The test brew for the overnight culture, which shows no mold yet, is cooling now. For ~1 gallon:
2 oz 2-row malt
2 oz Crystal 10 malt
1 lb light dry malt extract
1/4 oz Fuggles 30 mins (~15ish IBUs)
4 Hungarian medium toast oak cubes
Overnight yeast culture, liquid decanted and slurry pitched
OG should be about 1.050

The oak cubes are there for propagating the culture. I plan to repitch the slurry plus the cubes to inoculate the next batch. If it is a bigger batch, I'll add more cubes. Eventually I'd like to just be able to use cubes instead of saving slurry.

I will also be tasting the decanted starter beer, so stay tuned for the retching. :p I have some Hennepin to wash it down though, so you don't have to feel bad for me.

Tasting notes:
Aroma is spicy and a little appley. Taste is very slightly sour, with apple flavors. Aftertaste is a little malty/spicy. Not too bad really, but not very sour at all. Was hoping for a little more sour. Though it's not bad, so I guess that is good.
 
Last edited:
I would say, yes, more or less. Not all mold grows at all temperatures, but you can get mold in your refrigerator (40ish), on the countertop (70ish), and definitely a lot of mold in warm solutions (90ish). I would guess that would be roughly the temperature range you're looking at, which unfortunately is the exact same range that the yeast is working in.
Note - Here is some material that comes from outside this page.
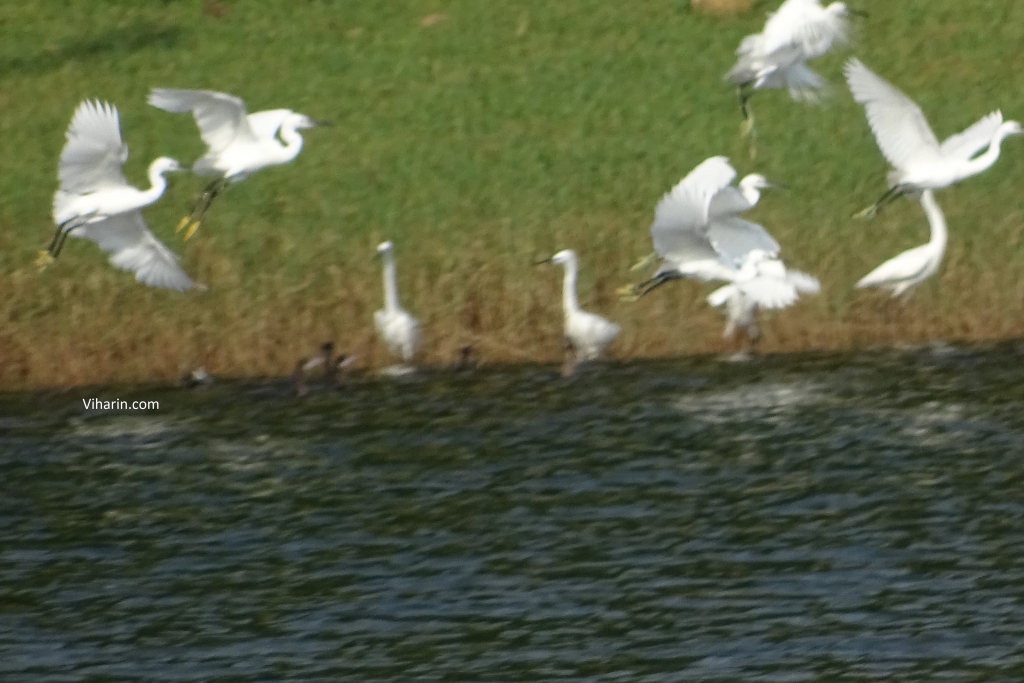 Flamingos enjoying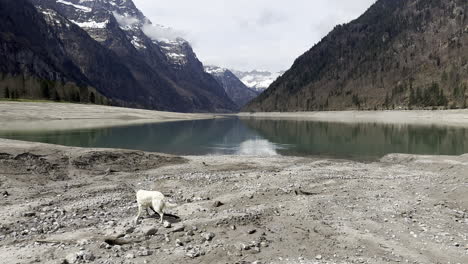 dog playing with a stick on a shore by the lake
The environments of the yeast and mold are different though. Mold needs more oxygen, which is why it lives on the top of the liquid. Yeast can be perfectly happy in an anaerobic environment. Naturally, my culture capturing jars were aerated frequently to encourage growth. In theory, subsequent use of the mold culture in low-oxygen environments would mostly eliminate the mold count over several passes, especially if I racked out the liquid from below the mold. Hops play a role here too, and my starters were hopped at a very low rate (a few IBU). But, that's just more work than I need, especially since I seem to have a mold-free culture already. Let's hope it turns out interesting.
 
Still no visible activity on the test batch. I emailed Vinnie at Russian River to see if there were any special features of a wild fermentation batch. He basically said, sometimes it works and sometimes it don't. Think I might quick measure the SG tomorrow to see if anything is going on there.
 
Sometimes it works, and sometimes it don't. ;) I think that is the best way to sum up my experiences, too. But pH may also play a role. Although I didn't bother to measure the pH of my starter cultures (my bad), I can say anecdotally that all of my successful starter cultures came from mixtures of honey, water and apple juice (with an inherently lower pH than honey-water or malt-water would have alone).
 
The boogie has been laid down and the funk has arrived! Hooray! O0

Finally have visible activity today. The new apartment is warmer than the last, and it has been kind of hot lately (mid 80s, ahh!) but today is the first day that the fermenting area has gotten to 75. Maybe that has jump-started it. In any case, it is alive and kicking. :headbang:
 
Racked this gallon into a clean carboy. SG 1.025, which is kind of high. I'm going to leave it go for a few more days as-is and then I will probably wind up pitching some commercial yeast to finish it off so it won't blow up in the bottle. Taste is sweet, and apple spicy. Slight sour aroma and flavor. Not bad, but kind of blah. Would be a whole lot better with some aggressive carbonation.
 
Krausen happened. Excellent, I hope to get the SG down to a more reasonable spot with the muscle yeast and then rack to one of my tiny 3 qt jugs.
 
Where did you acquire a 3 quart jug? Those could be very handy to have spare.
 
Where did you acquire a 3 quart jug? Those could be very handy to have spare.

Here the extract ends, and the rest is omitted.